Of Australian milk production in 2017, 37% was exported. So any domestic price-maintenance regime must be mindful of World Trade Organisation trade rules. Because so much of the product goes to export, there cannot be a farmgate subsidy or else the industry will find itself in WTO amber box territory. World trade is rife with reciprocal and parallel trade practice.

Is protecting the Queensland dairy industry really worth losing other sectoral trade over?
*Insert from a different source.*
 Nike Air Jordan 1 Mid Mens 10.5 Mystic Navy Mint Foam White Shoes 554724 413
Australian agricultural products are often promoted to be the next export sector to ramp up as iron ore and coal markets start to backslide on falling Chinese demand for steel. While New Zealand is gearing up for a China-led demand boom, China can buy subsidy-free New Zealand milk, and could tell Australia that it is in violation of international trade rules. And how will Australian dairy ever be able compete with New Zealand’s clean, subsidy-free produce in Asian consumer markets if production is still dependent on government handouts?

The Australian dairy industry does have a problem with retail prices. But much of the current woes with retail prices is due to institutional problems at the processor level. An April 2018 report from the Australian Competition and Consumer Commission into the dairy industry found no correlation between retail prices and prices paid to farmers: processors’ contracts for milk supply would still deliver the same prices to farmers if retail prices were raised. 
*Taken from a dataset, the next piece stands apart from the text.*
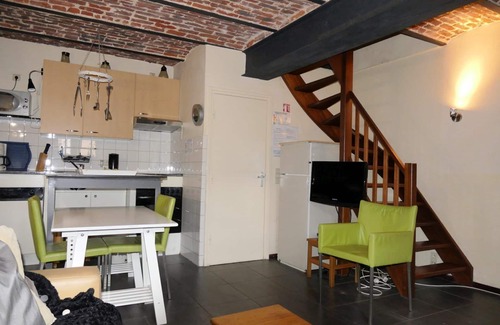 Richelle House | Comfortable 5-Person Apartment at Cour D'Aix with Pool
China is currently reforming its agriculture sector to bring greater market forces to price-setting, capital allocation, production, and risk. If China can introduce market reforms to its agriculture sector, then it would seem counter-productive for a trading economy such as Australia to orchestrate what would amount to price-fixing. 

Ultimately the Australian dairy industry is struggling through a structural problem that the rest of the developed world has already solved. Weather-based agricultural insurance is the answer to dairy farming in drought-prone geographies. And a competitive dairy industry, free of government trade distortion, is necessary if Australian agriculture is to continue to pursue Asian consumer markets. 
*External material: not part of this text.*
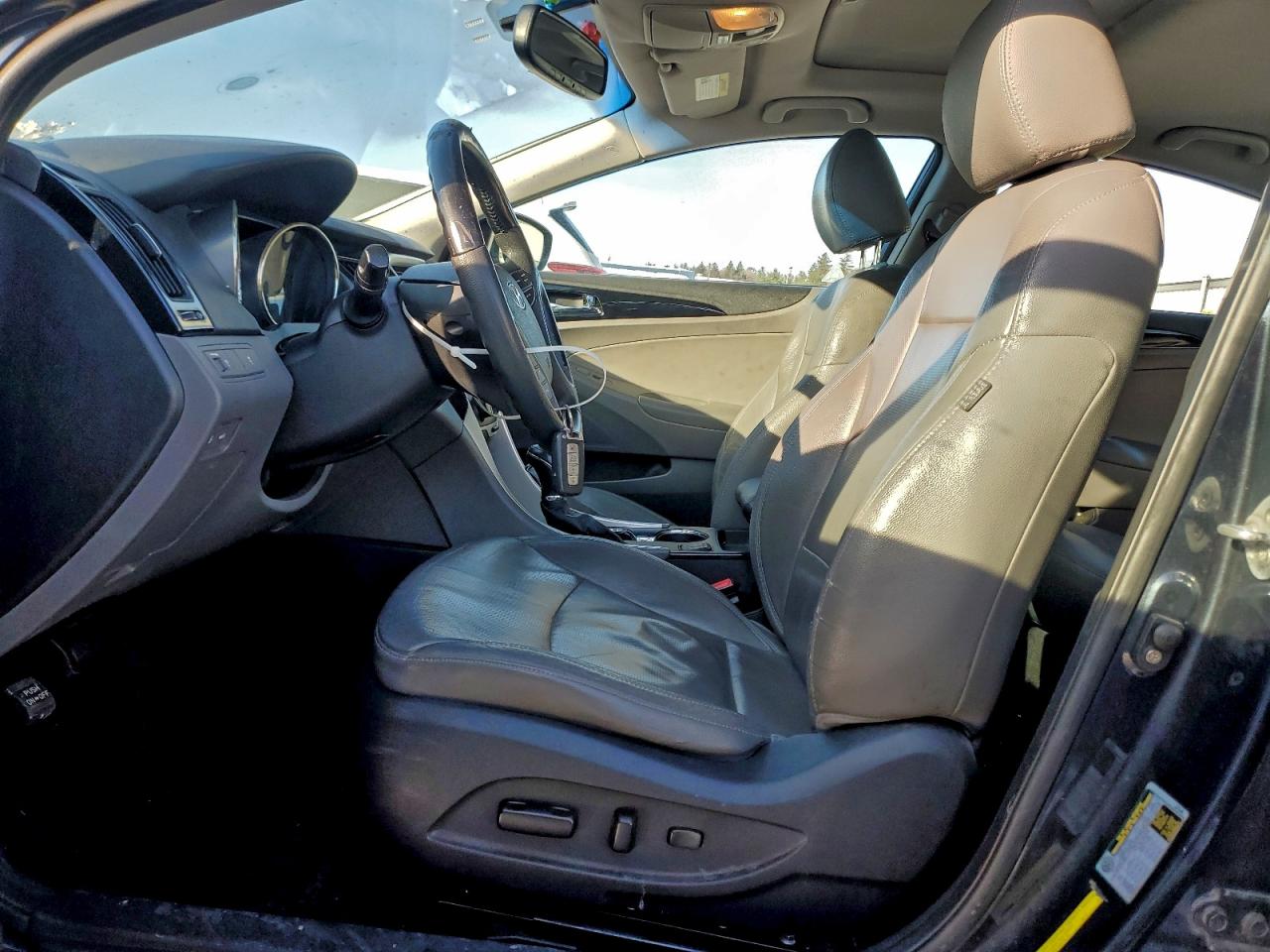 2011 HYUNDAI SONATA SE photo 7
Drought insurance has been the subject of domestic Australian policy debate in recent years. But New South Wales rejected the proposal to introduce what is known as multi-peril crop insurance into Australia. It is not fair to expect taxpayers to carry the risk while industry avoids the transition to multi-peril, weather-based or indexed crop or livestock insurance. 

Drought insurance would be a more effective policy measure to protect dairy farmers than either direct household assistance or price-maintenance. The United States and Europe have long since integrated this market mechanism into their agricultural production systems, benefiting domestic production, export product, consumers and farmers – all without having to resort to trade-distorting direct subsidies. 

Drought insurance is a market mechanism, so it takes the burden off the taxpayer to bail out unproductive agribusiness and it protects the farm from short-term weather risks causing massive long-term structural disruptions. Higher premiums would apply to less productive farms that choose to farm in areas with less water resources.

It should not be difficult for the global insurance industry to design a product to mitigate the weather risks of Australian dairy production. Yet lobby-groups in the Australian agricultural sector have persistently clung to government handouts. 

If Australia is to have a viable international dairy industry, and if these persistent weather risks are indeed foreseeable, then Australia needs to leave the subsidies behind and face the market. Drought insurance is the logical long-term solution as Australian dairy farmers increasingly forge new paths into Asian markets.